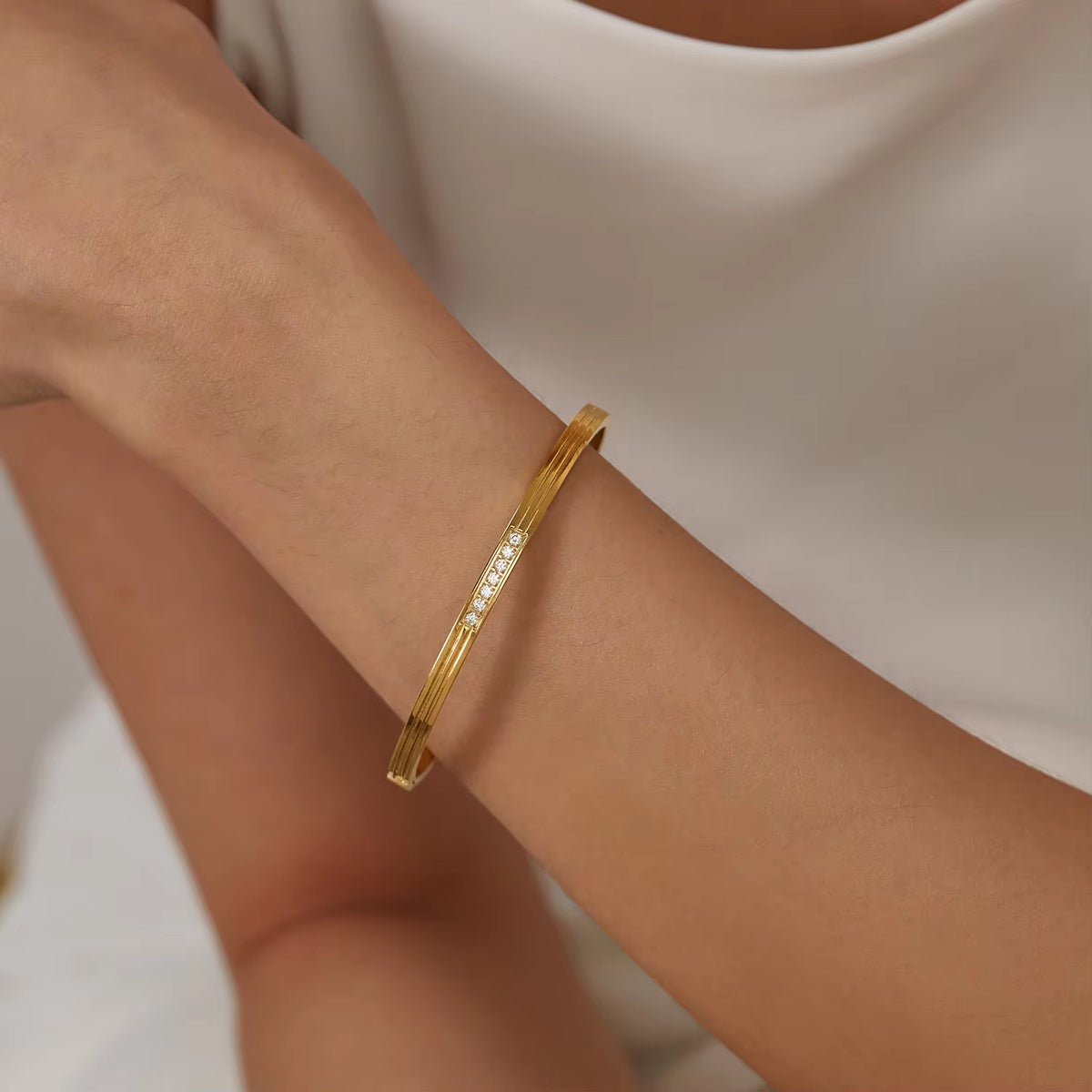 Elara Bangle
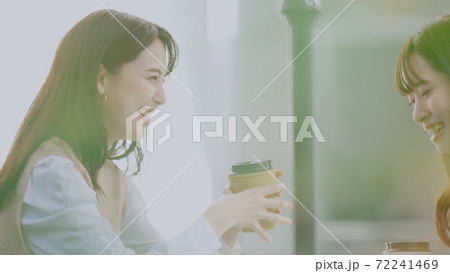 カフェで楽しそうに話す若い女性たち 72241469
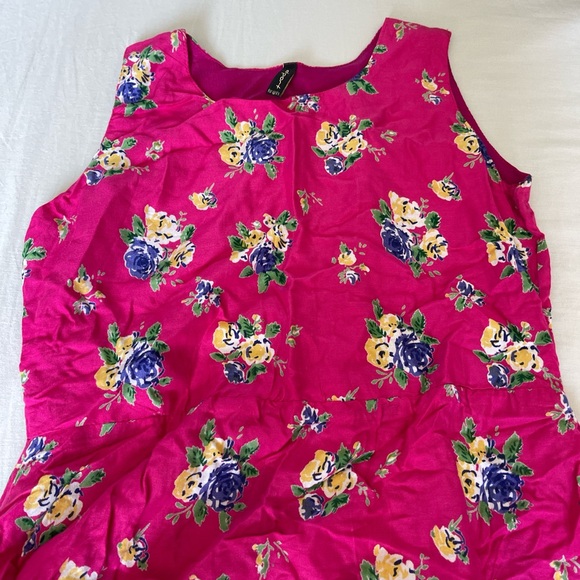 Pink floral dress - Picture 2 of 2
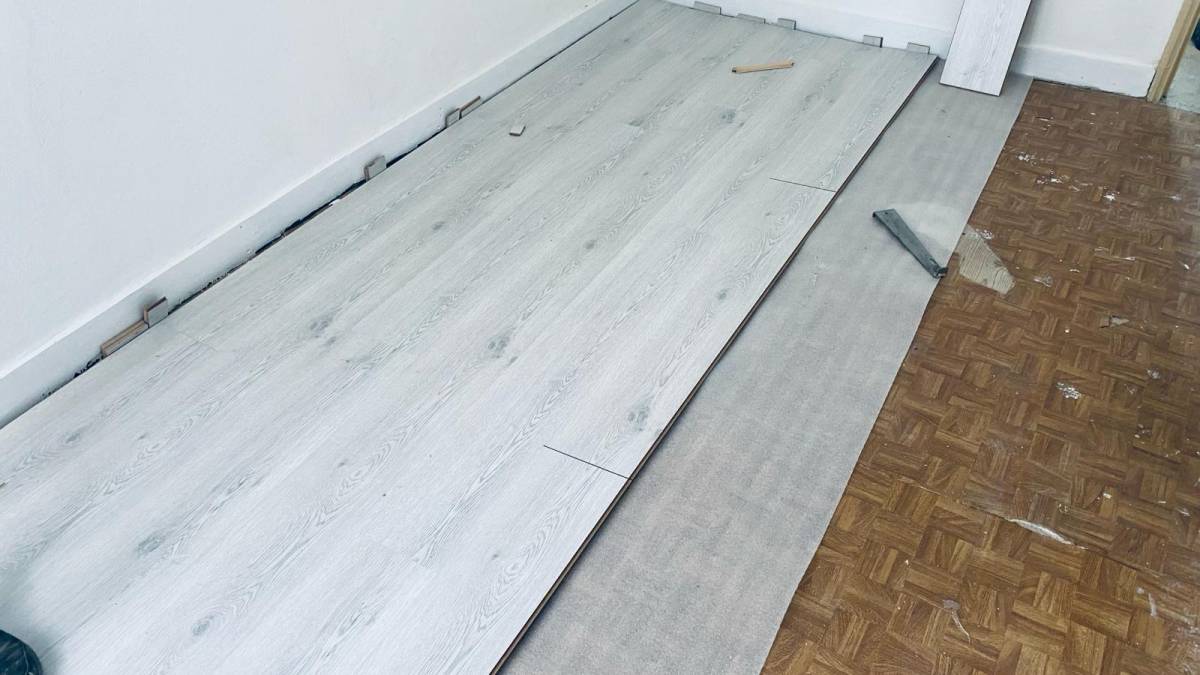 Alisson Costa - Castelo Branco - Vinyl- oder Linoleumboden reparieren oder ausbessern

◆ ◆ ◆ ◆ ◆ ◆ ◆

WORK INSTRUCTIONS: Write every line of the data out again exactly, leaving out all images.

SOLVED PROBLEM:
 Elara Bangle
 カフェで楽しそうに話す若い女性たち 72241469
 Pink floral dress - Picture 2 of 2
 Alisson Costa - Castelo Branco - Vinyl- oder Linoleumboden reparieren oder ausbessern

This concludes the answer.